*TASK GOAL*. Give the number of lines in the records below that include "Pants", and nothing more.

*DATA SUPPLIED*.
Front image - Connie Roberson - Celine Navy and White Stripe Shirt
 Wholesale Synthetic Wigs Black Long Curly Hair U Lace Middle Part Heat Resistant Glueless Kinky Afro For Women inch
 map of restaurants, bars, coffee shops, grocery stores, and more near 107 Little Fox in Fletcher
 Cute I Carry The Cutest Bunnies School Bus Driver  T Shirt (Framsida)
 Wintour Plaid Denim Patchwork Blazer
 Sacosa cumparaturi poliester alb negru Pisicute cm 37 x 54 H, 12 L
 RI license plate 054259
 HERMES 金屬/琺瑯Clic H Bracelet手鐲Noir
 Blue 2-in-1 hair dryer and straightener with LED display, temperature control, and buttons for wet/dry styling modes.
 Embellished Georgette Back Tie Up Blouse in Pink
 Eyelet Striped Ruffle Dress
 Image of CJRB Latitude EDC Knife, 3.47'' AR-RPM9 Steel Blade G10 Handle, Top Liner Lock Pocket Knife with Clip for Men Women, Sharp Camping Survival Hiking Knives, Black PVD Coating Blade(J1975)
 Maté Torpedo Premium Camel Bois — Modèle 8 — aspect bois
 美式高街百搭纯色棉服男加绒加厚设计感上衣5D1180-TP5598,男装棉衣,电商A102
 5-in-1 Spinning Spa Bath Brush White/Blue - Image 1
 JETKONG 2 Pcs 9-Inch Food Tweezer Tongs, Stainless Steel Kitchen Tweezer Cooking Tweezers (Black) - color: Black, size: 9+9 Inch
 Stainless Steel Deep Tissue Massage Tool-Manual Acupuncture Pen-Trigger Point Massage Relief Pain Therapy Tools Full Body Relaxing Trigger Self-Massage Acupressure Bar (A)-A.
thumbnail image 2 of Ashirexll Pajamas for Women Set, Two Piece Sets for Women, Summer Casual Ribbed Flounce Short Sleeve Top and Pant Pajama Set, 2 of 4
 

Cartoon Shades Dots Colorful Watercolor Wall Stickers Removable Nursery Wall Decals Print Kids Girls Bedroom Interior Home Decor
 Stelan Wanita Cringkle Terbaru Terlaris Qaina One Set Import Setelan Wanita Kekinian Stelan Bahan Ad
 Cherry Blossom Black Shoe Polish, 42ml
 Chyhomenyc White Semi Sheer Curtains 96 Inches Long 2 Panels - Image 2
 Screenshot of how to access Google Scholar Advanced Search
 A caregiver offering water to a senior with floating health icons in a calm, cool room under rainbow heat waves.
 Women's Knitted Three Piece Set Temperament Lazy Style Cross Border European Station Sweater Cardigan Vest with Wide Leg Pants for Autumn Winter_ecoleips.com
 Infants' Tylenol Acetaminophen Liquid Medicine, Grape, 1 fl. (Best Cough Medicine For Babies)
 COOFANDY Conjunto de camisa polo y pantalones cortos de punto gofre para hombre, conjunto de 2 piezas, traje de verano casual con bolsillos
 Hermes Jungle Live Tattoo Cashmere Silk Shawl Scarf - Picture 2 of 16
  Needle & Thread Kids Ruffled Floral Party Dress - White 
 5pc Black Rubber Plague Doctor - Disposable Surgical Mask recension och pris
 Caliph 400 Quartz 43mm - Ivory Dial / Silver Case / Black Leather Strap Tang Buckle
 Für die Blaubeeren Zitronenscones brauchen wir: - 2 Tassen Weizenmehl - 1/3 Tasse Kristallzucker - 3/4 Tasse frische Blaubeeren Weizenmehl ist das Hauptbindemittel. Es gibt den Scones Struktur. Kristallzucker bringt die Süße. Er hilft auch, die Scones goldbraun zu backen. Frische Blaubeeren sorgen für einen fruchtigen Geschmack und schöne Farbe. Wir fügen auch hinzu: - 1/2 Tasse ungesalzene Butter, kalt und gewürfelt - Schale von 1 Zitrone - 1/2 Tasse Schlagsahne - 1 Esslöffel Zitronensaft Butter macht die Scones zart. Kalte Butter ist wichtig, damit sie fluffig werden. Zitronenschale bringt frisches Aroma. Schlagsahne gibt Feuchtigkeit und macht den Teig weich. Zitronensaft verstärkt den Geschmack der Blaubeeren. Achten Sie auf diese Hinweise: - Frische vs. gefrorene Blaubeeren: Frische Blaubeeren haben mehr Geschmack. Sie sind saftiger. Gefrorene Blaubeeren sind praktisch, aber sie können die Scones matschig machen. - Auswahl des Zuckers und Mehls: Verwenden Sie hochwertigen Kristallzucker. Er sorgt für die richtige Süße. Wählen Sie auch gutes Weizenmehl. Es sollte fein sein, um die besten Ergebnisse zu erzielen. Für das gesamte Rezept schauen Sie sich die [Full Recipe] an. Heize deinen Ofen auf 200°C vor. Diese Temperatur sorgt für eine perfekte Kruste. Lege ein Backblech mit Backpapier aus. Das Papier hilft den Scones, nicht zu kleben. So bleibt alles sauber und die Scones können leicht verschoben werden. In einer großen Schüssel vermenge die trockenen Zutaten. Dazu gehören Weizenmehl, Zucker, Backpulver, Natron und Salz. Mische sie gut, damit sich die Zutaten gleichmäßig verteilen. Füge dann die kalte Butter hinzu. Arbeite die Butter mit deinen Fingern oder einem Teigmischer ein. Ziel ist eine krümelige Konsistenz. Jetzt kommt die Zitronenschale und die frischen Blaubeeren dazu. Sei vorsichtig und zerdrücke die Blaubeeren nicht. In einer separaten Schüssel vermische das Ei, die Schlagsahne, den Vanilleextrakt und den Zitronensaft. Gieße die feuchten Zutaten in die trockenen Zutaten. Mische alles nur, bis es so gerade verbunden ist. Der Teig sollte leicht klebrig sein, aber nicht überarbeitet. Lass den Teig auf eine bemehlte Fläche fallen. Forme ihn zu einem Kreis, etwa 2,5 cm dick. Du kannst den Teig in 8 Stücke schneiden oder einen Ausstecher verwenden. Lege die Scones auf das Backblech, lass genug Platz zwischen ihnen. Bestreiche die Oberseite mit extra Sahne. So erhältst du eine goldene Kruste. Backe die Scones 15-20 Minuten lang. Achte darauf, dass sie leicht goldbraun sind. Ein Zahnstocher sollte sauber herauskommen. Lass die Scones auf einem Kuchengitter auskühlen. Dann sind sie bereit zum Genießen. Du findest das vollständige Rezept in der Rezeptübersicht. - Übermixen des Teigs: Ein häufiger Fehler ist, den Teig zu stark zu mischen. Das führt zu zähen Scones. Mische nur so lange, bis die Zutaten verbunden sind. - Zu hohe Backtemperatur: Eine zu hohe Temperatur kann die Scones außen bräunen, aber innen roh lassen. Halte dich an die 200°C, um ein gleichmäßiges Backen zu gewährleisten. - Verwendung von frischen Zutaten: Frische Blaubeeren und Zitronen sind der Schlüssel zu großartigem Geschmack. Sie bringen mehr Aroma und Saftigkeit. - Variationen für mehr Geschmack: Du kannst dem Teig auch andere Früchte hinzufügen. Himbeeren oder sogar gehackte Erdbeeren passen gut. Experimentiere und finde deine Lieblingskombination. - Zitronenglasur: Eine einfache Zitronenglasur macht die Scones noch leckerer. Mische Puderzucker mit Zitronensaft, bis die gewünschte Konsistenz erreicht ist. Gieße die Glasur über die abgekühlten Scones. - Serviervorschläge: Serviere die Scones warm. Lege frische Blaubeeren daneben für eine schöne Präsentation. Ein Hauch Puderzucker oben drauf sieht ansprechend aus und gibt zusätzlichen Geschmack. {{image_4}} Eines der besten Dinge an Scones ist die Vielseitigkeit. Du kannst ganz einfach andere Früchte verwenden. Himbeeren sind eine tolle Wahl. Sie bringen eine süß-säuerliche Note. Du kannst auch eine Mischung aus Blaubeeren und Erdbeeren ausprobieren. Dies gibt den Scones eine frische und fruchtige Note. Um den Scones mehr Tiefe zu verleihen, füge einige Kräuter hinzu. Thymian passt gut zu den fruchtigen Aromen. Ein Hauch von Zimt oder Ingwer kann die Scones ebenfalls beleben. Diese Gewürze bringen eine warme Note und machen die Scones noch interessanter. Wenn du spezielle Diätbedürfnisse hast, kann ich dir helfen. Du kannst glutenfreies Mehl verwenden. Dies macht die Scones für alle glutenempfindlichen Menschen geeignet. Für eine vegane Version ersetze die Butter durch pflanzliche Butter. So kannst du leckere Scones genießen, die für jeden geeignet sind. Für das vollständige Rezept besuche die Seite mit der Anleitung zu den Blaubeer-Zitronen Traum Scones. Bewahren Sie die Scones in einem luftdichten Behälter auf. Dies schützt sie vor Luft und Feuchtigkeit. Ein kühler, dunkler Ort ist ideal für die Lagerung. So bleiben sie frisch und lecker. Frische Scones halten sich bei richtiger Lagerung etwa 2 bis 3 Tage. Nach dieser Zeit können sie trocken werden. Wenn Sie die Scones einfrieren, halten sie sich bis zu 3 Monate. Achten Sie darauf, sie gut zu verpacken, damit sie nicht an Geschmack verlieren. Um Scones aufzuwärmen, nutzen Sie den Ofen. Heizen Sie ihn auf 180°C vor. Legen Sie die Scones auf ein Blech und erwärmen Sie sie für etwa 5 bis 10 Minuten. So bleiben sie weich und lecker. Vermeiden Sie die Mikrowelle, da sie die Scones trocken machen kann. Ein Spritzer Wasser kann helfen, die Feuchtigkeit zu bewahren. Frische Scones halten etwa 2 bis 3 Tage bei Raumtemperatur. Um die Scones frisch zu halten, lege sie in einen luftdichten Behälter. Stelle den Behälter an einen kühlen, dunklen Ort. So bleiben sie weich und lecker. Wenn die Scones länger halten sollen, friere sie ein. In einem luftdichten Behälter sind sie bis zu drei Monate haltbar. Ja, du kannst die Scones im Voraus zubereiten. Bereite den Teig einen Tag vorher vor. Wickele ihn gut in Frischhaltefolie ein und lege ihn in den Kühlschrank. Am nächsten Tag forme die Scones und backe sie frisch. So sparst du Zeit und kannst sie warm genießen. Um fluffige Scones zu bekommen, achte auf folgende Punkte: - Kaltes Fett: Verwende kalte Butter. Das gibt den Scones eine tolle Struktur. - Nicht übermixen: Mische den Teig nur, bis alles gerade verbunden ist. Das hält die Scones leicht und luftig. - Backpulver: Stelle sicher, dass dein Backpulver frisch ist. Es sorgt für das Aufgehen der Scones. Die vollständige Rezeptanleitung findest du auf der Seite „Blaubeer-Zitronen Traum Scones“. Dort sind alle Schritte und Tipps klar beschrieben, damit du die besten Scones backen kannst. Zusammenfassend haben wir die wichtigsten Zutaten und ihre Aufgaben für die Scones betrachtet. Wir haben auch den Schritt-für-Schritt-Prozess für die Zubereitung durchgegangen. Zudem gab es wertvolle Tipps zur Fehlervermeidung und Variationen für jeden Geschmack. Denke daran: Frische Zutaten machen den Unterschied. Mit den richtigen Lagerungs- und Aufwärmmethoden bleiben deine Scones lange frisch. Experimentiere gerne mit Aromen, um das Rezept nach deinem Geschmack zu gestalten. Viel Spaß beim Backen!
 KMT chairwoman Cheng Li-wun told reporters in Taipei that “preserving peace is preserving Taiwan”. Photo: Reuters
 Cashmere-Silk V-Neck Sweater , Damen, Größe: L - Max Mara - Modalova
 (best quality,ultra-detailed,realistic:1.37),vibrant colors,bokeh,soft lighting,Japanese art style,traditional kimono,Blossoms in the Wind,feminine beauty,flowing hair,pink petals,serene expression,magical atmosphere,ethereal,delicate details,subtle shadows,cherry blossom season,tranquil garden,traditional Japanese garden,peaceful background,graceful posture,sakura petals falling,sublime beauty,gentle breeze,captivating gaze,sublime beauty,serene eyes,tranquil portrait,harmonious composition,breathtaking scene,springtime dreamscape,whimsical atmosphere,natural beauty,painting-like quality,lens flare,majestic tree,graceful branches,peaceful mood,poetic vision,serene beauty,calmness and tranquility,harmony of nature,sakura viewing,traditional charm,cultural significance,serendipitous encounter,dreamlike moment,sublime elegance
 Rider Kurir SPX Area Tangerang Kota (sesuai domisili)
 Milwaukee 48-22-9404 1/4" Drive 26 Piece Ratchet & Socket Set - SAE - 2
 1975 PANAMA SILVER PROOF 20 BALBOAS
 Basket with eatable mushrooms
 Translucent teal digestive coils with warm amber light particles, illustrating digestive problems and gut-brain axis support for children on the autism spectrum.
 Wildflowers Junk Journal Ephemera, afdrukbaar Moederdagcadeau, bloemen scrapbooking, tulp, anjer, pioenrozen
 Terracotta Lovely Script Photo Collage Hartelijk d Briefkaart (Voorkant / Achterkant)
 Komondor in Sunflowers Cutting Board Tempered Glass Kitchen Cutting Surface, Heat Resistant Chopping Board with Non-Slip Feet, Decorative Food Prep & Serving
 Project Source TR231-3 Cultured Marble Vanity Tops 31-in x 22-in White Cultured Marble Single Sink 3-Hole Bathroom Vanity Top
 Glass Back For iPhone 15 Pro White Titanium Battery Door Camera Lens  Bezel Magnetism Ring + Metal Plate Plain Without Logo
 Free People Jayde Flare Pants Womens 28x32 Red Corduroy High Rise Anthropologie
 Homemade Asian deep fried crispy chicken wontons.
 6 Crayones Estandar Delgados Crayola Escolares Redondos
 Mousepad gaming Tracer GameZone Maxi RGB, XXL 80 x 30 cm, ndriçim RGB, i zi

*TASK OUTPUT*. 2